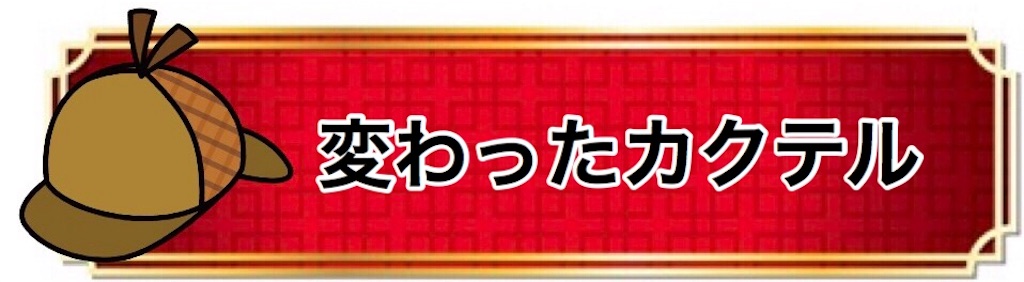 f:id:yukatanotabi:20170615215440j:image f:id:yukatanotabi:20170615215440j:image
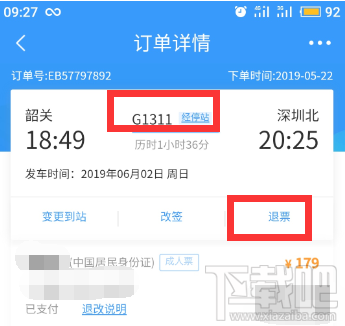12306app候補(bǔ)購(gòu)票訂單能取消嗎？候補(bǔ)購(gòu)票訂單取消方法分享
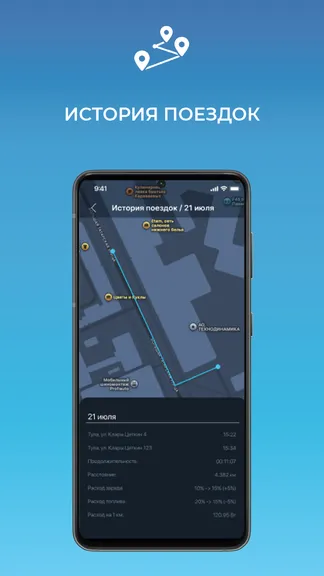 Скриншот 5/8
--
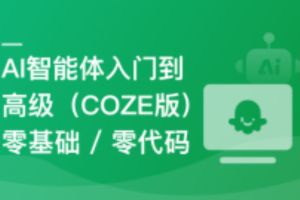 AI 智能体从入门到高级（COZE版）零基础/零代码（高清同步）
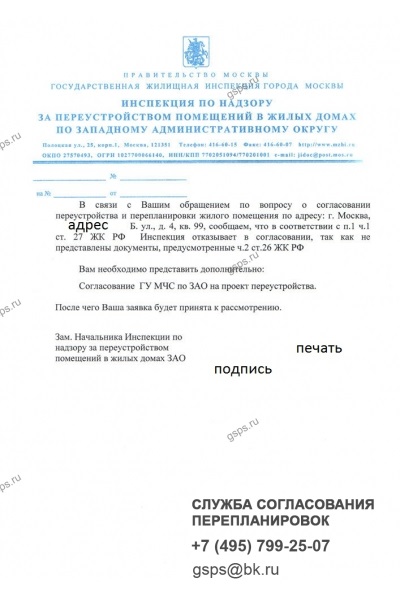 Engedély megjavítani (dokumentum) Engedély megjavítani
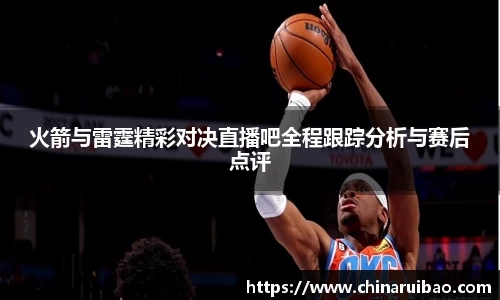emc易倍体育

## REQUIREMENT
In the listing above, find the line with "12306app候補(bǔ)" and the line with "Скриншот 5/8". Copy exactly those two and every line between, without the pictures.

## SOLUTION
12306app候補(bǔ)購(gòu)票訂單能取消嗎？候補(bǔ)購(gòu)票訂單取消方法分享
 Скриншот 5/8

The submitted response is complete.